US States Dismantle Voting Bans Rooted in Racism

Human Rights


In recent weeks, several states have taken steps towards restoring the voting rights of people with felony convictions. Governor Wes Moore of Maryland signed on May 12 HB 115 and SB 241, legislation that will automatically register people to vote following the completion of their felony sentence. Similarly, the Missouri legislature passed on May 28 HB 1871, a bill that will restore voting rights for some individuals completing felony parole or probation. That bill awaits Governor Mike Kehoe’s signature.

These are strides forward on an issue impacting 4.4 million Americans, the overwhelming majority of whom are Black or Latino.
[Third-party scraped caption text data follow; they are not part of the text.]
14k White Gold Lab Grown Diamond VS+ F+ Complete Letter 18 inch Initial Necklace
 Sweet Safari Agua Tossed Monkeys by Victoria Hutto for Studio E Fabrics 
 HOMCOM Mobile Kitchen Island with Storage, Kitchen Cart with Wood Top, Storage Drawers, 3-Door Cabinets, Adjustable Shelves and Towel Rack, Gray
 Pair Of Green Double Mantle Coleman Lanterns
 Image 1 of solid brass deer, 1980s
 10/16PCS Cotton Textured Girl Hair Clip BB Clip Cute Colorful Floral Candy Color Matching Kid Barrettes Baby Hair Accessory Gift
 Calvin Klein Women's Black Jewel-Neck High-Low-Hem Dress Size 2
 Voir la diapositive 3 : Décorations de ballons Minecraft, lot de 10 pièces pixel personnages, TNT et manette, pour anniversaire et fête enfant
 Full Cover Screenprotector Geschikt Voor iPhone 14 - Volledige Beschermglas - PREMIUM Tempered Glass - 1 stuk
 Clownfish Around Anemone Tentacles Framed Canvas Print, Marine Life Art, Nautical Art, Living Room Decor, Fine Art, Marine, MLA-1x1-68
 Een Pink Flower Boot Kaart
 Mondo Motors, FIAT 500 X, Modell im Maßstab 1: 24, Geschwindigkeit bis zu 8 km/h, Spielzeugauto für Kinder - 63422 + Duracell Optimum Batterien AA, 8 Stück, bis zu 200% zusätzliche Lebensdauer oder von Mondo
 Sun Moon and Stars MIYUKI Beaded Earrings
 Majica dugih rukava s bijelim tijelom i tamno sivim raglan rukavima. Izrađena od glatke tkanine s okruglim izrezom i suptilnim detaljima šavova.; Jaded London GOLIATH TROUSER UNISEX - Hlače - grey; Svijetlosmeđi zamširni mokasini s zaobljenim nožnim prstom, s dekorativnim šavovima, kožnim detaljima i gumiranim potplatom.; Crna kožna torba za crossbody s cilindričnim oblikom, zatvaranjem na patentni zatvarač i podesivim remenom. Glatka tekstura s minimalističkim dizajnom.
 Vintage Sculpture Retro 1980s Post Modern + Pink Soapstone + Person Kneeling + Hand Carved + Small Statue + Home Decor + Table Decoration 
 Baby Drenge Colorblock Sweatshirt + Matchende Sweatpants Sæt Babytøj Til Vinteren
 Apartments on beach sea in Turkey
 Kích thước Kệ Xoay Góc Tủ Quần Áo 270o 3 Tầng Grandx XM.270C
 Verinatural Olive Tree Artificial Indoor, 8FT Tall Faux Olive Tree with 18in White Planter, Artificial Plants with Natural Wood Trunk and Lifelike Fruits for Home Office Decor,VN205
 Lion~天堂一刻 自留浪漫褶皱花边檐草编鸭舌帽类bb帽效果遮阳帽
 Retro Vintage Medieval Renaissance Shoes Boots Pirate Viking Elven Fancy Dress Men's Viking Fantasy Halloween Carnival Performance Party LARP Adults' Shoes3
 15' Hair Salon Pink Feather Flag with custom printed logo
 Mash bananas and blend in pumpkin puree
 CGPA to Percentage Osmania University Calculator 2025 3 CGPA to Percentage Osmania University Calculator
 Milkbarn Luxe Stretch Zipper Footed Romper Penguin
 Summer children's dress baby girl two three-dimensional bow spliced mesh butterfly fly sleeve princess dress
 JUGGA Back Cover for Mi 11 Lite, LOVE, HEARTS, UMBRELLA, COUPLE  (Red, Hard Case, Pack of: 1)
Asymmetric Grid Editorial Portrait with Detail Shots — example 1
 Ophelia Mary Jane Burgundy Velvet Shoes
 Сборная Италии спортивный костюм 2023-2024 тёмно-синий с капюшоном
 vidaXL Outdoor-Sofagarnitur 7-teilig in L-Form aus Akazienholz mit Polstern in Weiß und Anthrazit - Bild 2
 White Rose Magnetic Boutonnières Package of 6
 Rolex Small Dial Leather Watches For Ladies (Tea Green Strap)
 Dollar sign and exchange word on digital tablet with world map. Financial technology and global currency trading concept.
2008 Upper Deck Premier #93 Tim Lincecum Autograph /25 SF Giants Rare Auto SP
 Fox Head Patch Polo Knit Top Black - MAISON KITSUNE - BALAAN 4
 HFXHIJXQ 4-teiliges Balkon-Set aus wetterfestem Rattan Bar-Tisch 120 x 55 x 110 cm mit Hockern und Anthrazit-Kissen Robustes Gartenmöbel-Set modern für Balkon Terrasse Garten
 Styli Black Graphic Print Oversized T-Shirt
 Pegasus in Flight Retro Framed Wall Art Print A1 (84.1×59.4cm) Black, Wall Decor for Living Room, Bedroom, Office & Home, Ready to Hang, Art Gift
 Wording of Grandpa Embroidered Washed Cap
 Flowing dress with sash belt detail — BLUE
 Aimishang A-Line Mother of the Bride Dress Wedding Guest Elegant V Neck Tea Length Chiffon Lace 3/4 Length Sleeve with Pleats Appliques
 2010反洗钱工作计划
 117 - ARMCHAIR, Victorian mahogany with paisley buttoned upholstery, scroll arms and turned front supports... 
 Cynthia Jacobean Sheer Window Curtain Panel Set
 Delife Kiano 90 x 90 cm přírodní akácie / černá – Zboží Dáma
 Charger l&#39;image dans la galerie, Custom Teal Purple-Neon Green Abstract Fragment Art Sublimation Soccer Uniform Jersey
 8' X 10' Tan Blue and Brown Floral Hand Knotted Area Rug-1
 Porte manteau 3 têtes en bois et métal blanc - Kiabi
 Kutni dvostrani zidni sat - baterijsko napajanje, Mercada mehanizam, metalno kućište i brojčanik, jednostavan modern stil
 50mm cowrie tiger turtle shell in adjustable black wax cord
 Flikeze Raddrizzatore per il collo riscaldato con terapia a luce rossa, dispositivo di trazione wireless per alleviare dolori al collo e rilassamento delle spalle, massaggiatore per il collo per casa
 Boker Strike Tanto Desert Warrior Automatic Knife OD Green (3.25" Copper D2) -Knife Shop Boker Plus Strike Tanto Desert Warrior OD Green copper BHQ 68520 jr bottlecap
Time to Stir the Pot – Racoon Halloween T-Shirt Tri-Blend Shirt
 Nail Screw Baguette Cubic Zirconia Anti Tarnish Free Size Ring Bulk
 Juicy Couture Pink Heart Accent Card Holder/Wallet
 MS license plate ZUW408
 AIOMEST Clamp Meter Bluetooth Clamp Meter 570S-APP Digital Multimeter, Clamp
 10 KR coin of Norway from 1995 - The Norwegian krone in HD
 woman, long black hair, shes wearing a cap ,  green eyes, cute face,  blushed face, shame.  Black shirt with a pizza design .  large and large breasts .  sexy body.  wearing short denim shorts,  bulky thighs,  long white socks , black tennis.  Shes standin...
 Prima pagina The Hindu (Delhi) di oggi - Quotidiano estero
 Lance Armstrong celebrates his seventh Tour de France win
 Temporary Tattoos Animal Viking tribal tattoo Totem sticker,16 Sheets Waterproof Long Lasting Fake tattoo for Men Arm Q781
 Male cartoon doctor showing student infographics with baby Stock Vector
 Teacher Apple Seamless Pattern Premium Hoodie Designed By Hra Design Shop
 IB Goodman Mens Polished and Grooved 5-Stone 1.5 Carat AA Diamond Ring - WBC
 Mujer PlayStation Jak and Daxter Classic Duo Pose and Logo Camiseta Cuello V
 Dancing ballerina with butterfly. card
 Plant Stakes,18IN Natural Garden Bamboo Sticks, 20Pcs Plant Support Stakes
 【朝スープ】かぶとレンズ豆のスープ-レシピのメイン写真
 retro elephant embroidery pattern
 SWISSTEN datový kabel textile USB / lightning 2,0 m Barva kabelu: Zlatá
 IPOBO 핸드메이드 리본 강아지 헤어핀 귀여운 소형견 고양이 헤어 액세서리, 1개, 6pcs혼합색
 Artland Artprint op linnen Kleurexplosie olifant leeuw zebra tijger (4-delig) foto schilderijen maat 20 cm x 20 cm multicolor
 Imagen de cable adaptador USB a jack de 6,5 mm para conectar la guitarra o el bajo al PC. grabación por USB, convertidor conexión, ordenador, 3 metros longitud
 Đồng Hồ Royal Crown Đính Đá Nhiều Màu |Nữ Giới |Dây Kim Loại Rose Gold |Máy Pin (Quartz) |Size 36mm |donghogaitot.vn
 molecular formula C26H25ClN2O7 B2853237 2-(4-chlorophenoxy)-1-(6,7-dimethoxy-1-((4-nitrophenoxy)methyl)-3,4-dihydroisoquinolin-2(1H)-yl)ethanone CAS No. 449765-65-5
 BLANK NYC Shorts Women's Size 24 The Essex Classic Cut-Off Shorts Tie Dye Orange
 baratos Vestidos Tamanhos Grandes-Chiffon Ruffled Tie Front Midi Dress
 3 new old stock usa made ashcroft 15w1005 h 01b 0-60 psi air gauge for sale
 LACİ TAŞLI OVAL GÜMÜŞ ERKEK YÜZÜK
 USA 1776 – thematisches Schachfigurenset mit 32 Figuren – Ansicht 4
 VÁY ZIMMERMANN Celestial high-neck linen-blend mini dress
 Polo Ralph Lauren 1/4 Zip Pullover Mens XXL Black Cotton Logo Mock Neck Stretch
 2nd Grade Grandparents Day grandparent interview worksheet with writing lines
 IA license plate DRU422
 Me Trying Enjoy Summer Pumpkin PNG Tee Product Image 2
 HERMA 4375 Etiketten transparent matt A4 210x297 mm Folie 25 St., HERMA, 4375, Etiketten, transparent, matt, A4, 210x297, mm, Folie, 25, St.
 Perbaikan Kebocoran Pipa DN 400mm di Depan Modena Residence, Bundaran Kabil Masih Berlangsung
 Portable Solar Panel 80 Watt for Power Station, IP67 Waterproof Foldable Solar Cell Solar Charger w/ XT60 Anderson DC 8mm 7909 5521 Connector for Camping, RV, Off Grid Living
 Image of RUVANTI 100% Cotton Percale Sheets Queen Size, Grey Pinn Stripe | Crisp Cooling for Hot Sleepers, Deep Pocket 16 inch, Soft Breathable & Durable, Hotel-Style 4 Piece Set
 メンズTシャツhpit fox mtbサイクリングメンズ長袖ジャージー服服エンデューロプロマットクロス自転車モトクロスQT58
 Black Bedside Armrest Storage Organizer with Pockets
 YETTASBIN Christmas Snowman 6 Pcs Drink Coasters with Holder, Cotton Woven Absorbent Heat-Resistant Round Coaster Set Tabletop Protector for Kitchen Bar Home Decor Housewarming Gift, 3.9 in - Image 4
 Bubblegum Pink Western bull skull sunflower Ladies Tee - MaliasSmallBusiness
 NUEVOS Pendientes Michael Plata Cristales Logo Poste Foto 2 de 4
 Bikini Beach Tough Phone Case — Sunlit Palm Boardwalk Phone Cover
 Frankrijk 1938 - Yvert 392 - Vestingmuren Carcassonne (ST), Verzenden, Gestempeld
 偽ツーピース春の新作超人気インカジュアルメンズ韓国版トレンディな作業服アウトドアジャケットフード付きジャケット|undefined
But significant work remains to extend the right to vote to all, regardless of their encounters with the criminal legal system.

In the United States, felony disenfranchisement laws serve among other things as relics of a past defined by racial hierarchy. After the collapse of Reconstruction, white supremacist groups’ terror campaigns, and policies aimed at excluding Black voters, rose in tandem. States implemented poll taxes, grandfather clauses, and literacy tests at the same time the modern-day US prison system was growing due to Black Codes, laws that targeted newly freed Black Americans. These policies, including felony disenfranchisement, have been credited with making way for Jim Crow, a legal order based on white supremacy that was akin to a caste system and lasted nearly a century in some states. While the nearly-destroyed 1965 Voting Rights Act outlawed many of these suppressive policies, the disenfranchisement of those with felony convictions remains law in 48 states.

Today, 1 in 22 Black Americans of voting age is disenfranchised, according to The Sentencing Project. The numbers are even worse in former slave-holding states: In Florida, nearly one million residents are disenfranchised—the largest disenfranchised population in the United States. In Tennessee, a state that recently made headlines for eliminating its only majority-Black congressional district, nearly 1 in 5 Black Americans cannot vote due to felony convictions.

Access to the ballot is a human right and foundational to a functioning democracy. While the recent victories in Missouri and Maryland represent a step in the right direction, all states which have felony disenfranchisement laws should reverse them and ensure that every American has the right to vote.